The majority of people in Indonesia might be Moslem, but there are many unique Christmas traditions to welcome and celebrate Christmas across the archipelago. Here are some examples.
Don’t expect pine trees, reindeer, or snow. During Christmas, most churches in Bali are decorated with bamboo poles and coconuts—a more fitting, typical Balinese ornaments. Although, as a big melting pot, you can still find indeed pine trees, reindeer, and snow— artificial ones of course, in some corners of Legian or Seminyak.
The Batak people (North Sumatran) celebrates Christmas by having a Marbinda—a tradition of sacrificing a buffalo, ox, or pig to be divided among the family. Usually it’s involving 35 to 40 people per Marbinda.

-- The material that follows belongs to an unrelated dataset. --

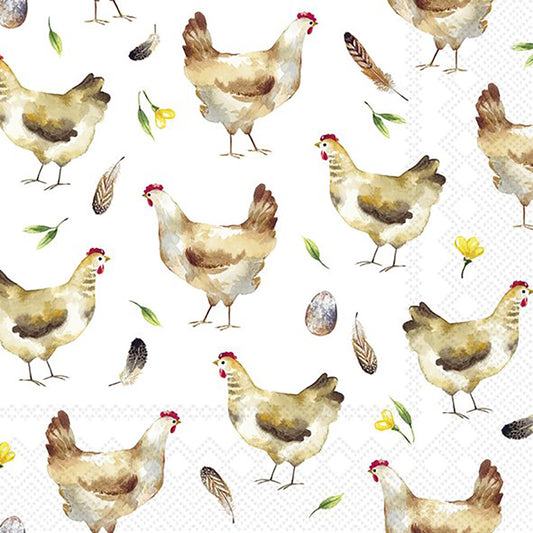 HELENE AND FRIENDS White Hens IHR Paper Lunch Napkins 33 cm sq 3 ply 20 pack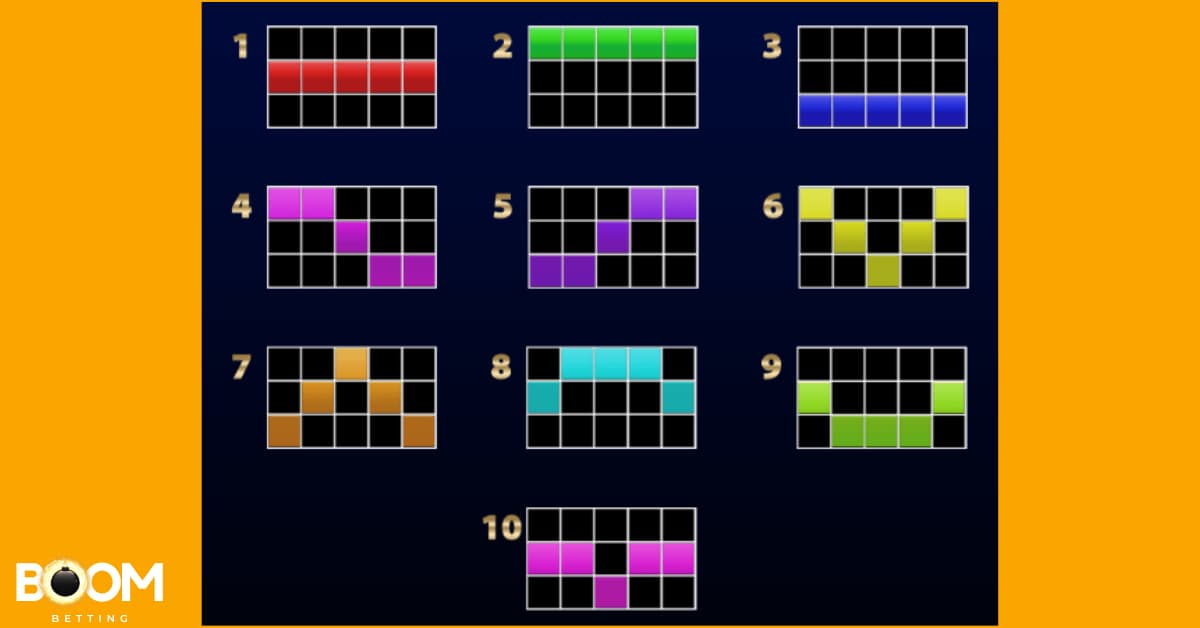 Payline diagram from the Dr Jekyll Goes Wild slot game showing 10 numbered win line patterns across a 5-reel grid. Each line is highlighted in a unique color to indicate active symbol positions.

On December, Toraja people of South Sulawesi will do Lettoan—a pig parading contest (yes, parading pig) as a thanksgiving and to symbolize the togetherness of the people. It’s usually a part of ‘Lovely December’—a ceremonial event held by South Sulawesi government.
Santa is a rare sight here. Instead you are more likely to find people celebrating Christmas wearing traditional Javanese clothes such as beskap, blangkon, or kebaya. They also have Wayang Wahyu—a unique puppet performance telling stories straight from the bible.
On any ordinary day, Flores can be calm and quite island. On holiday? The Floresian prefer a loud celebration. During Christmas Eve they ringing any noise they can make: boat sirens, Christmas bells, bamboo cannons, and celebrate Christmas together with family. It sure is loud.